Problem statement »
Locate the line containing "Lady Godiva funky blue open toed wedges" in the material below; repeat it and every line after it, exactly as written.
━━ Available data ━━
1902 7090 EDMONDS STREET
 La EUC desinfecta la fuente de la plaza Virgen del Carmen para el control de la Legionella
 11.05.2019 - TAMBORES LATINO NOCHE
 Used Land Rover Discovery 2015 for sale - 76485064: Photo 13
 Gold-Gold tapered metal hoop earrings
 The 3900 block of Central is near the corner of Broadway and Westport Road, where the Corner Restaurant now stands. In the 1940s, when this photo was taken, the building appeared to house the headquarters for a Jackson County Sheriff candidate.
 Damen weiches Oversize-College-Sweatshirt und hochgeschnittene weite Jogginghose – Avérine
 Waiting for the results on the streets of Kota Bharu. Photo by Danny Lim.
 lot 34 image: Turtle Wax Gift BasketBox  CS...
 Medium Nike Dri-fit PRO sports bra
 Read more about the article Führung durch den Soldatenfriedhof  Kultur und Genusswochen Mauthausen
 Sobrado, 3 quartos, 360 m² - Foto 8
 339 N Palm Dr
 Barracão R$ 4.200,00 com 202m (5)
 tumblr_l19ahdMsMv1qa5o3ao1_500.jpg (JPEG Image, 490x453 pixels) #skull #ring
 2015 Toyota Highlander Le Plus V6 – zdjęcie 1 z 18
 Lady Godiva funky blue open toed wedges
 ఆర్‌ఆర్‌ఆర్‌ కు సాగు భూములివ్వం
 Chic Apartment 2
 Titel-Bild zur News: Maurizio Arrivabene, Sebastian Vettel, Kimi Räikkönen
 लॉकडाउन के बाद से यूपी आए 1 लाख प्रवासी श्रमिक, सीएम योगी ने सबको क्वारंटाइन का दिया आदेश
━━━
Answer area »
 Lady Godiva funky blue open toed wedges
 ఆర్‌ఆర్‌ఆర్‌ కు సాగు భూములివ్వం
 Chic Apartment 2
 Titel-Bild zur News: Maurizio Arrivabene, Sebastian Vettel, Kimi Räikkönen
 लॉकडाउन के बाद से यूपी आए 1 लाख प्रवासी श्रमिक, सीएम योगी ने सबको क्वारंटाइन का दिया आदेश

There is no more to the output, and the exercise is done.